WHAT IS NEEDED
Every record below must be copied exactly, with images dropped.

AVAILABLE DATA
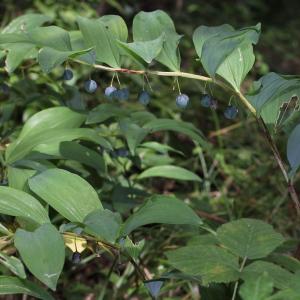 Photographie n°259117 du taxon Polygonatum odoratum (Mill.) Druce [1906]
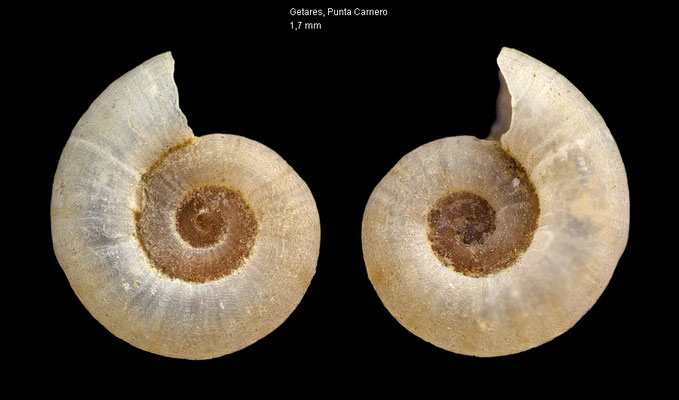 Skeneopsis sultanarum - Spain, Getares,  Punta Carnero, beach 6/2015 (Skeneopsidae)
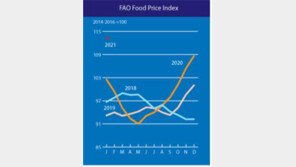 세계식량가격지수 고공행진…8개월 연속 상승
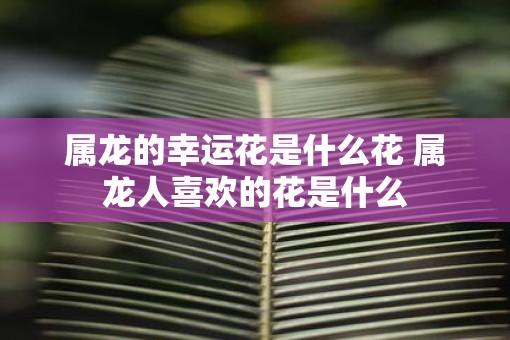 属龙的幸运花是什么花 属龙人喜欢的花是什么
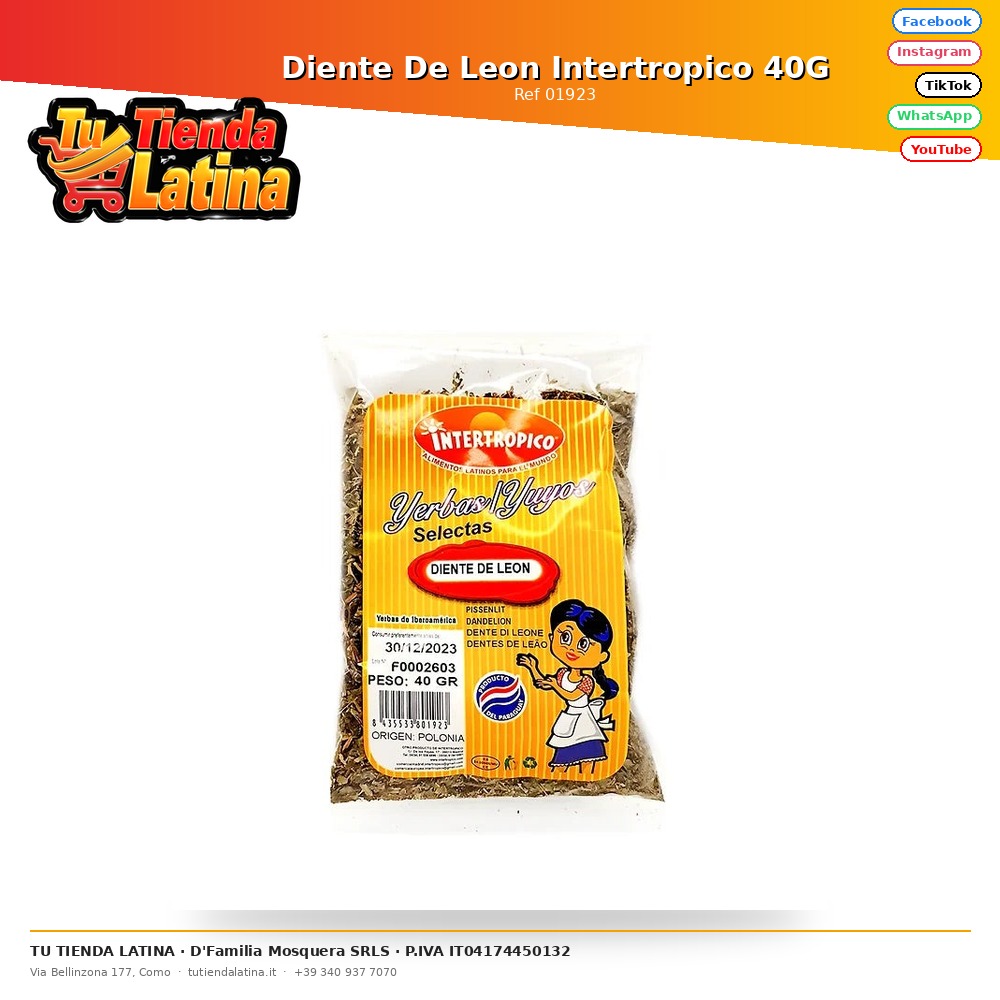 Intertropical Dandelion 40G
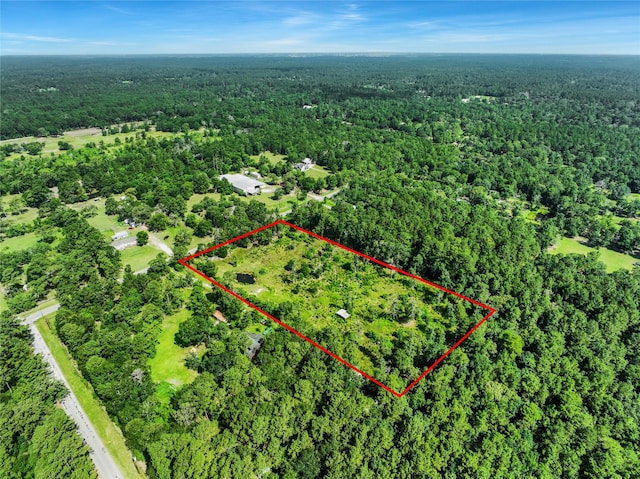 26402 Clark Rd, Waller, TX 77484 - photo 11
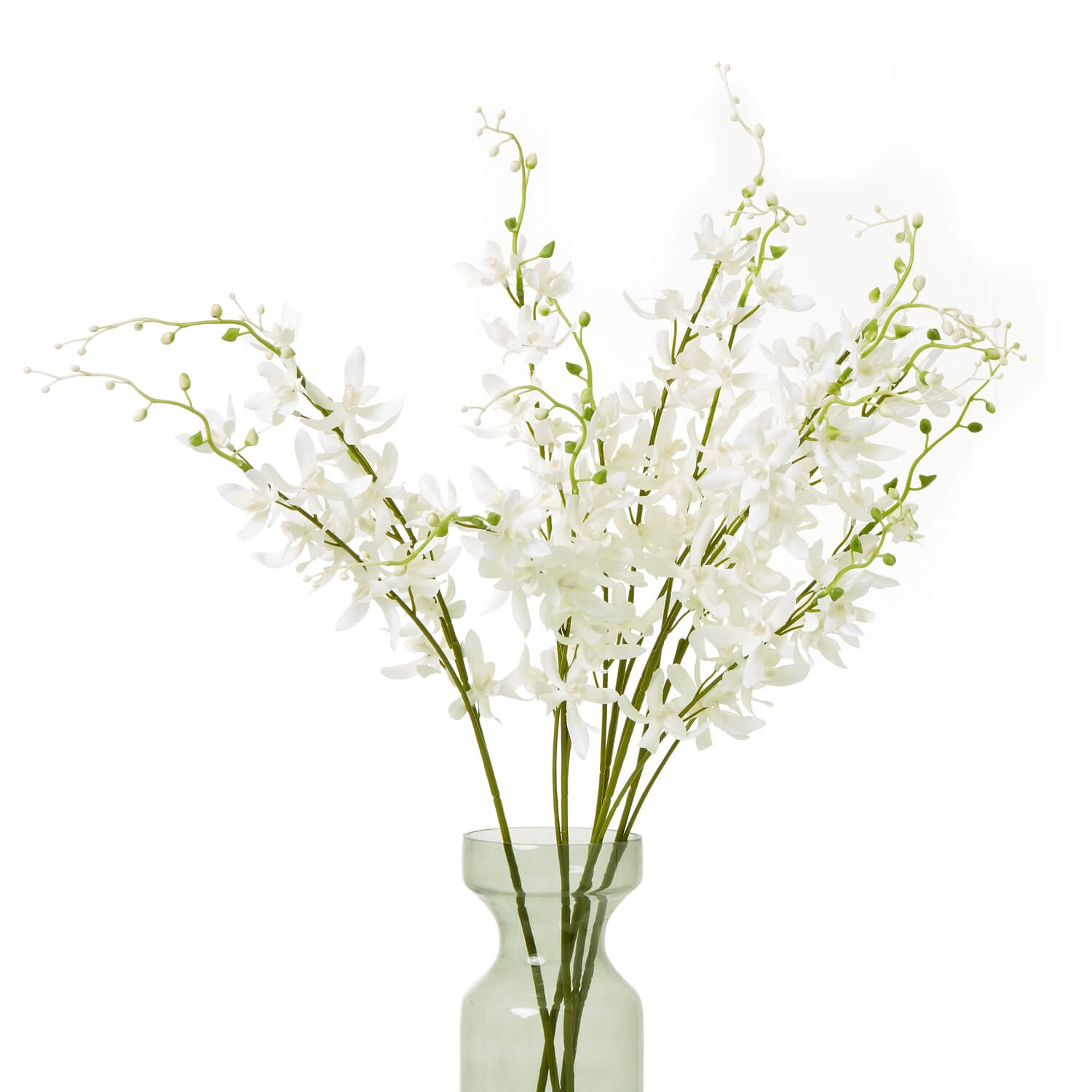 Elegant White Cymbidium Orchid Spray | Fresh Floral Beauty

EXERCISE ANSWER
 Photographie n°259117 du taxon Polygonatum odoratum (Mill.) Druce [1906]
 Skeneopsis sultanarum - Spain, Getares,  Punta Carnero, beach 6/2015 (Skeneopsidae)
 세계식량가격지수 고공행진…8개월 연속 상승
 属龙的幸运花是什么花 属龙人喜欢的花是什么
 Intertropical Dandelion 40G
 26402 Clark Rd, Waller, TX 77484 - photo 11
 Elegant White Cymbidium Orchid Spray | Fresh Floral Beauty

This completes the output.